Google Custom Affinities Is Here: What You Should Do
Ian Lurie Oct 8 2014
Yesterday, Google rolled out ‘custom affinities’ — their way to cross-target different audience segments. You can read about it on The Verge:
Google rolls out custom affinity audiences ad tool for targeting very specific groups of people
We’ve been researching this for a few years now. We started showing our results when I babbled about random affinities and such a few years back at MozCon. Right now Google is discussing this in terms of paid ads, but I strongly suggest getting in line with best practices on the organic and social side. There’s one crucial action to take:
Clearly define relationships between content
- Mark up products, etc. Use related to in your product info.
- Link articles to related material using, well, links.
- But also use is based on.
- Mark up reviews.
- Make sure you’re doing it right using the Google Structured Data Testing Tool.
- Use OGP, because it can’t hurt.
Oh, and read carefully between the lines when Google says, “we don’t need authorship anymore.”

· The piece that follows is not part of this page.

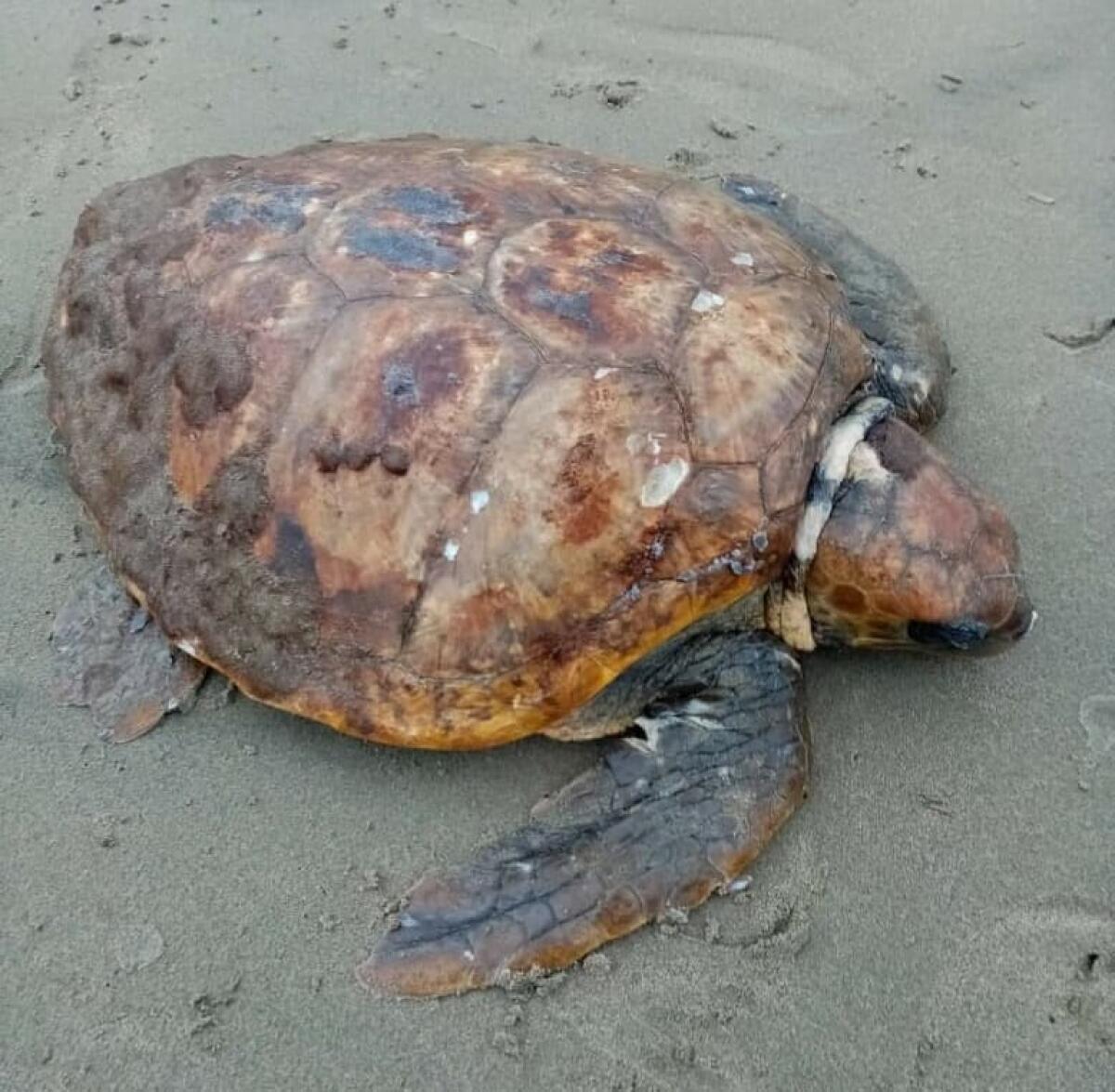 Ardea: tartaruga Caretta Caretta ritrovata spiaggiata, ma ancora viva. Salvata -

In the past, we’ve learned that “we don’t need” is very different from “it won’t help.” I’m not a conspiracy theorist — Google isn’t just messing with us (well, I prefer not to think so) — but they have a lot of different issues to juggle, from spammers to search quality to resources. Keep using this stuff.
It’s just smart
Even if I’m 100% completely utterly wrong, these are the right things to do. They help with SEO. They help with social. They future-proof your content. And, they’ll make you the talk of the town at every nerd party. These steps take very little time. Go do ‘em.
Read a bit more
A few points of clarification, and why we’ve seen this coming for a while. If you want to read how I think this came about, read these bits:
All about dispersed citation
My Whiteboard Friday about random affinities: The IdeaGraph
And my YouMoz article: Growing Your Audience With Random Affinities
Where it’s all going
I can’t say “HELL YES WE NAILED IT BABY THIS IS WHY WE’RE CALLED PORTENT!!!!!” I’m sure Google is taking this in other directions. They’re only talking about this in the context of paid advertising.

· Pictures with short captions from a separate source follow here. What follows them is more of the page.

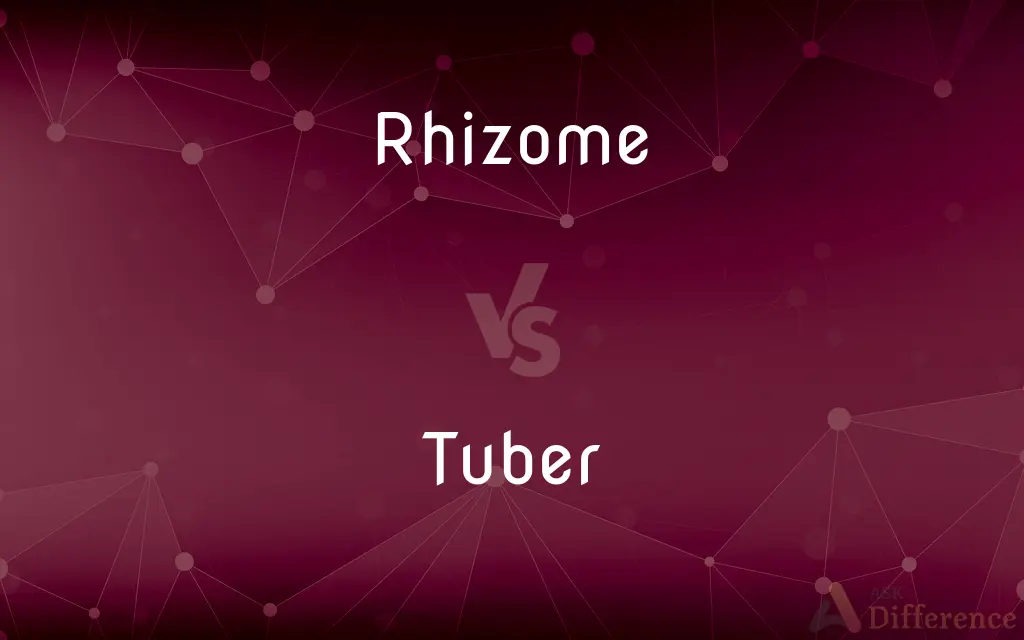 Rhizome vs. Tuber — What's the Difference?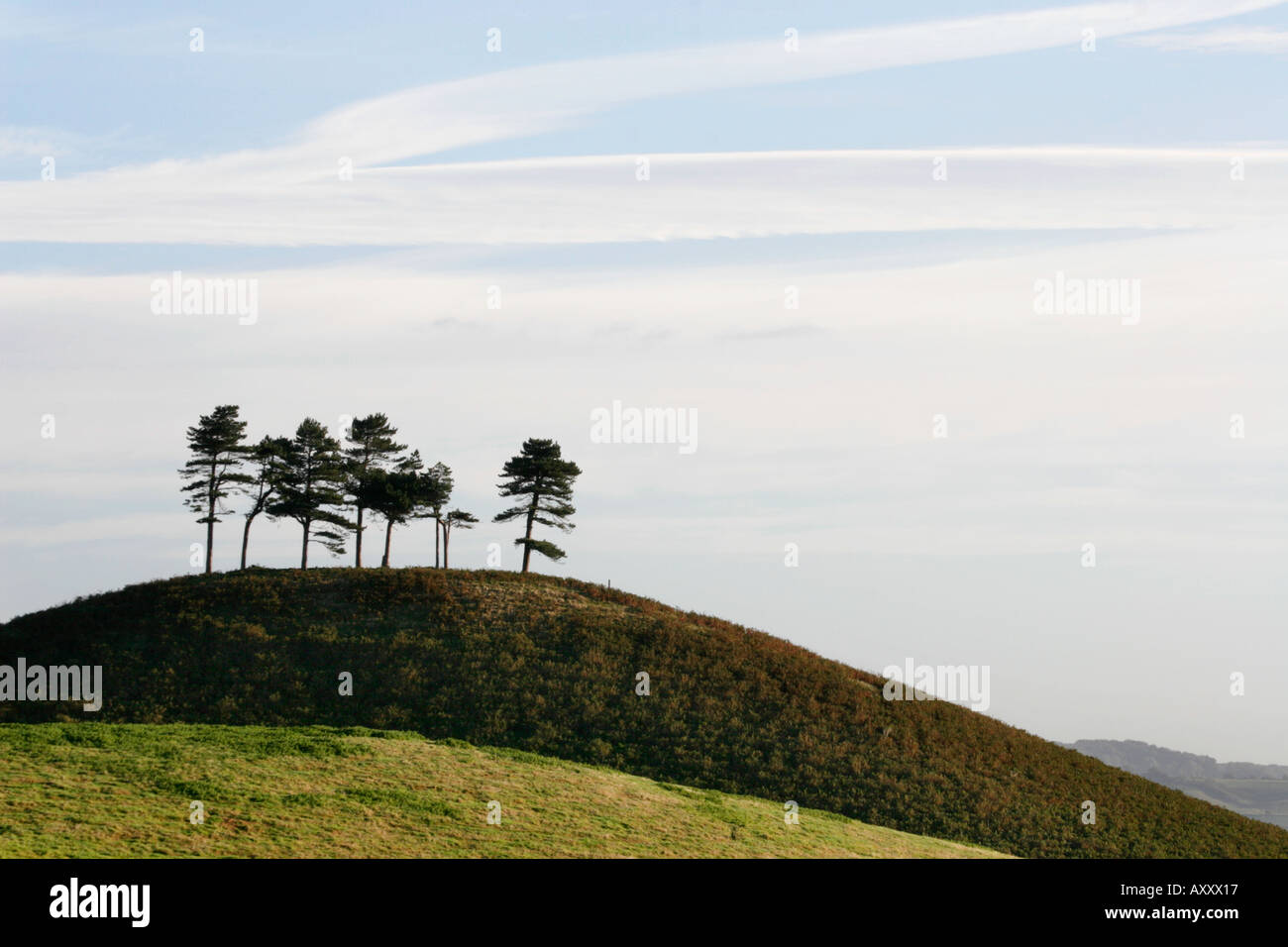 Vue vers Colmers Hill Bridport Dorset de Quarry Hill Banque D'Images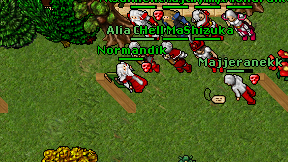 Normandik on screen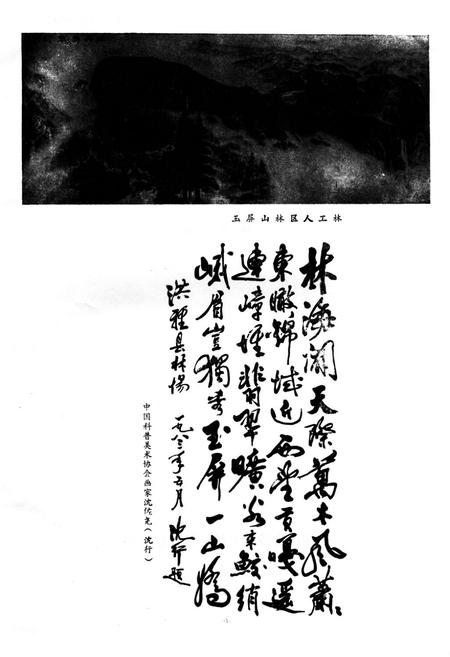 《洪雅县林业志》.pdf电子版_四川省志插图2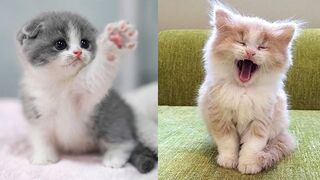 Baby Cats - Cute and Funny Cat Videos Compilation#MwwAnimals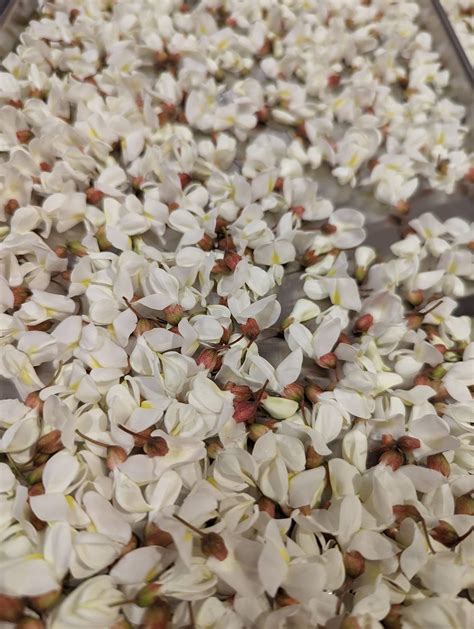 Community Soup Luncheon - the f.N. Happy Farm and friends, St. Paul's ...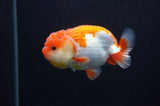 Juvenile Lionchu  Red White 3.5 Inch (ID#404R11a-8) Free2Day SHIPPING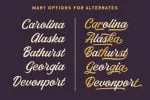Thirtylane Font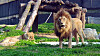 Barami, a male lion at Cheongju Zoo in North Chungcheong meets female lion Dodo on Oct. 23, 2023 at the zoo’s wildlife shelter. [JOONGANG ILBO]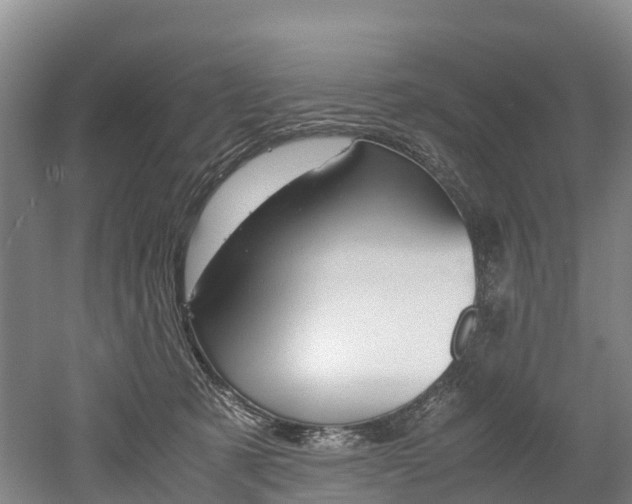 X0000052550321200507010852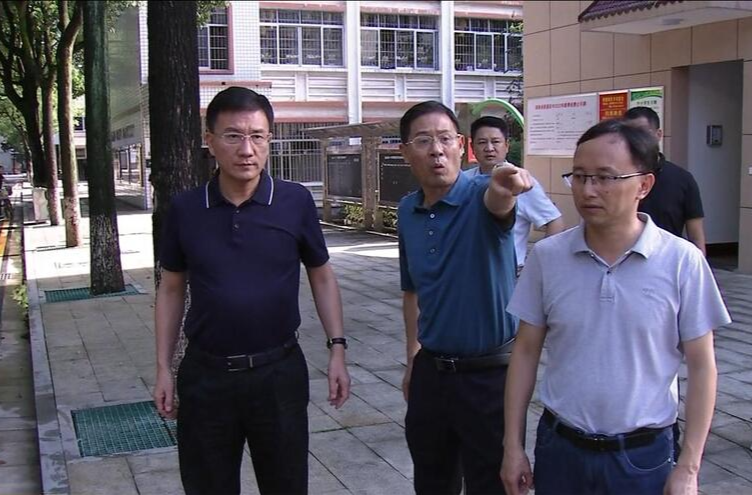 朱金平调研城乡低洼易涝点整治工作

But if you look at the Knowledge Graph, In-Depth Articles and other developments, you can see Google, Facebook and others are in a race to connect ideas using more than words and links. And everything we need to do to capitalize makes sense, anyway.
Like always, if you help Google achieve their goal, they’ll return the favor. Make relevance measurement easier, and they rank you. Make random affinities detection easier, and that will probably pay off, too. It’s up to you.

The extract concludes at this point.